- Born: May 11, 1948 Youngstown, Ohio, United States
- Died: December 26, 2011 (aged 63) Los Angeles, California, United States
- Occupations: Film and television producer, writer
- Known for: Co-founder of The Comedy Network

= Joe Bodolai =

American producer

Joe Bodolai (May 11, 1948 – December 26, 2011) was an American film and television producer and writer.

Born and raised in the United States, Bodolai was opposed to the Vietnam War and moved to Canada in order to avoid being drafted. He moved back to the United States in 1981 to write for twenty episodes of Saturday Night Live before returning to Canada.

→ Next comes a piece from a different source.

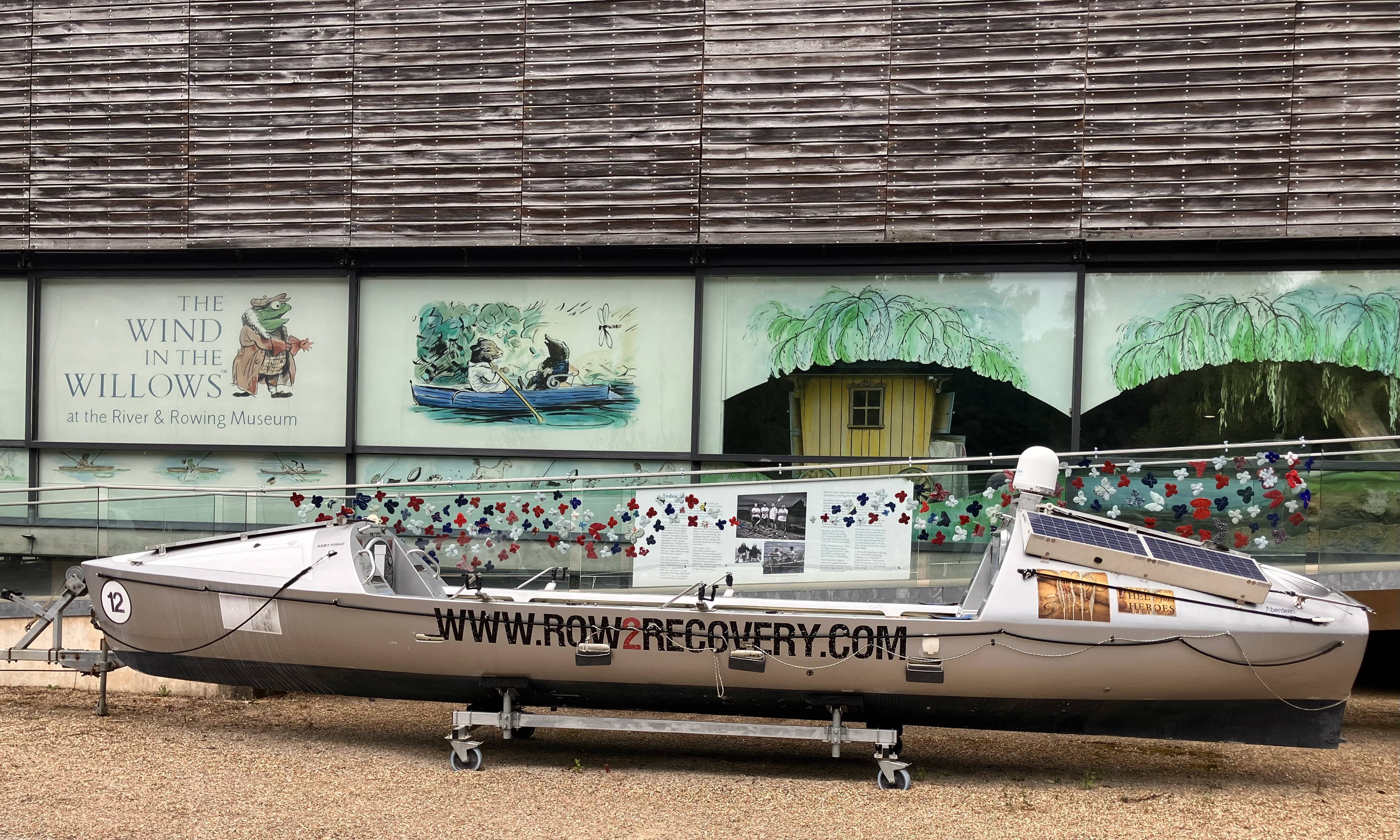 knitted butterflies behind a rowing boat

He is best known for producing such television shows as It's Only Rock & Roll, Comics!, and The Kids in the Hall and helping to launch the careers of the young talent featured on those shows. He also co-wrote the first draft of the film Wayne's World with Mike Myers.

Bodolai was a founder of The Comedy Network, helping the new channel secure its licence from the Canadian Radio-television and Telecommunications Commission in 1996, and expected to be named the new channel's head by its owners. He was disappointed when he was not hired and decided to return permanently to the United States.

Bodolai was found dead on December 26, 2011, in a Hollywood hotel room of an apparent suicide; he was 63. No suicide note was found, though on December 23 a long post was added to his blog, entitled "If this were your last day alive what would you do?"